▶ THE INPUT
*** Begin section ***

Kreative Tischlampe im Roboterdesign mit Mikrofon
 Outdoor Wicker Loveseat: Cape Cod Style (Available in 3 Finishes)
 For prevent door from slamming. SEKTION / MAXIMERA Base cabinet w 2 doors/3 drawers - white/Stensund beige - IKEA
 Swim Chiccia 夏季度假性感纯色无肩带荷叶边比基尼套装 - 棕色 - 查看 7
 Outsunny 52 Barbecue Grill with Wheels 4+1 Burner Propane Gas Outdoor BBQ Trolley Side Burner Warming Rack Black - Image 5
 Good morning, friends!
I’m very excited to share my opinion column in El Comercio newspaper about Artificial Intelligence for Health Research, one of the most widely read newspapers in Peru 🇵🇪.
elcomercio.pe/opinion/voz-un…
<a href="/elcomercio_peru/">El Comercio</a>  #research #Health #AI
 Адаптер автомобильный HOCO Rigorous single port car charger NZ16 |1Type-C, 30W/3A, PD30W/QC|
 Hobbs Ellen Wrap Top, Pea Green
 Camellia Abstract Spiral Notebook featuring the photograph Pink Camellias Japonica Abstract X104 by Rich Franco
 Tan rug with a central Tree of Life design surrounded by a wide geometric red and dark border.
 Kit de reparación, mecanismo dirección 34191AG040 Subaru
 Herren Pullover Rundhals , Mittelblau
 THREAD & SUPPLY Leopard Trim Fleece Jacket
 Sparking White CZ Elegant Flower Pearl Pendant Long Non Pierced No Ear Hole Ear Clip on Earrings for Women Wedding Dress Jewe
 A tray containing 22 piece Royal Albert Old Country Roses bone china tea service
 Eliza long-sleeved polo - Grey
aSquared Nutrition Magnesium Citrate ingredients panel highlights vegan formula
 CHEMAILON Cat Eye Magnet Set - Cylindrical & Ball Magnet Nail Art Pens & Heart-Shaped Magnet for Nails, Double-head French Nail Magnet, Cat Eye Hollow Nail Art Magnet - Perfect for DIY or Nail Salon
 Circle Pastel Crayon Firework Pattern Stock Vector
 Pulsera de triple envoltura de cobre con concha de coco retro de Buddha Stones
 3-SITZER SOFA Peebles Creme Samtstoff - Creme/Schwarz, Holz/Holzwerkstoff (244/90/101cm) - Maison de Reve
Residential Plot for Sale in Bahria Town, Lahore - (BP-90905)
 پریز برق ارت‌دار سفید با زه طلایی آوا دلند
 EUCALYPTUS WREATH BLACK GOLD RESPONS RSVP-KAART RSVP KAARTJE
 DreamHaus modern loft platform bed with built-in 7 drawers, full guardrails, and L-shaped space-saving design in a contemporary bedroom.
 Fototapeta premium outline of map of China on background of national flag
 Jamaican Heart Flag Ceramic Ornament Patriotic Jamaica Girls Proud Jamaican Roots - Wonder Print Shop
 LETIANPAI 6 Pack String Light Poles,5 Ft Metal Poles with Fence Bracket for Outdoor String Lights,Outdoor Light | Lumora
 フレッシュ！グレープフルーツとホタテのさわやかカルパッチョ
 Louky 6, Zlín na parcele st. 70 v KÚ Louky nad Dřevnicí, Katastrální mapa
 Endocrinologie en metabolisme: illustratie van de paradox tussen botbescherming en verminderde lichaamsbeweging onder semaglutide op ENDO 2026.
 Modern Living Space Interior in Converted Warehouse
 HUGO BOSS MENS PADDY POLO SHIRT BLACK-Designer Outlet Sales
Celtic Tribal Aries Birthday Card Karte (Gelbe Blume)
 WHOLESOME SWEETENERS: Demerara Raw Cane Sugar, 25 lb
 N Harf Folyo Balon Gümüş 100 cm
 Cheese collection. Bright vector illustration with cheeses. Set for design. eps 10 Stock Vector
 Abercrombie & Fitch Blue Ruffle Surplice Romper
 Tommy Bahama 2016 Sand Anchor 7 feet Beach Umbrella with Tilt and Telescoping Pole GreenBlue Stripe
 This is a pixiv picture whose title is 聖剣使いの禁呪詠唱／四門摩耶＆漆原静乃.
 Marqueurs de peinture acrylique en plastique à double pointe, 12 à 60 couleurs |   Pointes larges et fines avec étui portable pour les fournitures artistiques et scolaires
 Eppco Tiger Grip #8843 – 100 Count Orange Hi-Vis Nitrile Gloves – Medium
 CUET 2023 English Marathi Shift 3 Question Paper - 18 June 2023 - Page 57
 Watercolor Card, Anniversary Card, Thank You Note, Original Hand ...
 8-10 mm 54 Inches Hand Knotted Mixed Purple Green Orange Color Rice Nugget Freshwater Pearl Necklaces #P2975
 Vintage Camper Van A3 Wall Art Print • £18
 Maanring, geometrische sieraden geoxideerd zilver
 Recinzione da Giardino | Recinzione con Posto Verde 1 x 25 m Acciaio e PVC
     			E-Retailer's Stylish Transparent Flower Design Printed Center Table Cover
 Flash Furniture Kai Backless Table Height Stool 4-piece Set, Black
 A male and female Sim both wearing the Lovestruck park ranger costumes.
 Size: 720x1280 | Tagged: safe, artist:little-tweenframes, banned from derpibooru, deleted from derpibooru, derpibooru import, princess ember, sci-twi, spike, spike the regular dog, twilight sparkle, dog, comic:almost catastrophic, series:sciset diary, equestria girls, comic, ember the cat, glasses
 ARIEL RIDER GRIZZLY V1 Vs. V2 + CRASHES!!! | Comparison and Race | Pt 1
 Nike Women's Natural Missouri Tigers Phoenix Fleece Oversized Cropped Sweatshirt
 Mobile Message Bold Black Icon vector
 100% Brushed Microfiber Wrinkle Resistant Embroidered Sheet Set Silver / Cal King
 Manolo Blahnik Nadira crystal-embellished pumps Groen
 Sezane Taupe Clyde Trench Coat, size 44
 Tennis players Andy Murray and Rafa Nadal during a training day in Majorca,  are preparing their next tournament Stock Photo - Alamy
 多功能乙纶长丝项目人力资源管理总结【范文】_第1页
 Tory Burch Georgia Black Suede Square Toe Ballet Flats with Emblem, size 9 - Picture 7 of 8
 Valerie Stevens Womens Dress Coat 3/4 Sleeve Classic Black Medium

*** End section ***

▶ EXERCISE REQUIREMENTS
Begin at the first line of the entries above and copy every line exactly, ending with the line that contains "Fototapeta premium outline".

▶ TASK ANSWER
Kreative Tischlampe im Roboterdesign mit Mikrofon
 Outdoor Wicker Loveseat: Cape Cod Style (Available in 3 Finishes)
 For prevent door from slamming. SEKTION / MAXIMERA Base cabinet w 2 doors/3 drawers - white/Stensund beige - IKEA
 Swim Chiccia 夏季度假性感纯色无肩带荷叶边比基尼套装 - 棕色 - 查看 7
 Outsunny 52 Barbecue Grill with Wheels 4+1 Burner Propane Gas Outdoor BBQ Trolley Side Burner Warming Rack Black - Image 5
 Good morning, friends!
I’m very excited to share my opinion column in El Comercio newspaper about Artificial Intelligence for Health Research, one of the most widely read newspapers in Peru 🇵🇪.
elcomercio.pe/opinion/voz-un…
<a href="/elcomercio_peru/">El Comercio</a>  #research #Health #AI
 Адаптер автомобильный HOCO Rigorous single port car charger NZ16 |1Type-C, 30W/3A, PD30W/QC|
 Hobbs Ellen Wrap Top, Pea Green
 Camellia Abstract Spiral Notebook featuring the photograph Pink Camellias Japonica Abstract X104 by Rich Franco
 Tan rug with a central Tree of Life design surrounded by a wide geometric red and dark border.
 Kit de reparación, mecanismo dirección 34191AG040 Subaru
 Herren Pullover Rundhals , Mittelblau
 THREAD & SUPPLY Leopard Trim Fleece Jacket
 Sparking White CZ Elegant Flower Pearl Pendant Long Non Pierced No Ear Hole Ear Clip on Earrings for Women Wedding Dress Jewe
 A tray containing 22 piece Royal Albert Old Country Roses bone china tea service
 Eliza long-sleeved polo - Grey
aSquared Nutrition Magnesium Citrate ingredients panel highlights vegan formula
 CHEMAILON Cat Eye Magnet Set - Cylindrical & Ball Magnet Nail Art Pens & Heart-Shaped Magnet for Nails, Double-head French Nail Magnet, Cat Eye Hollow Nail Art Magnet - Perfect for DIY or Nail Salon
 Circle Pastel Crayon Firework Pattern Stock Vector
 Pulsera de triple envoltura de cobre con concha de coco retro de Buddha Stones
 3-SITZER SOFA Peebles Creme Samtstoff - Creme/Schwarz, Holz/Holzwerkstoff (244/90/101cm) - Maison de Reve
Residential Plot for Sale in Bahria Town, Lahore - (BP-90905)
 پریز برق ارت‌دار سفید با زه طلایی آوا دلند
 EUCALYPTUS WREATH BLACK GOLD RESPONS RSVP-KAART RSVP KAARTJE
 DreamHaus modern loft platform bed with built-in 7 drawers, full guardrails, and L-shaped space-saving design in a contemporary bedroom.
 Fototapeta premium outline of map of China on background of national flag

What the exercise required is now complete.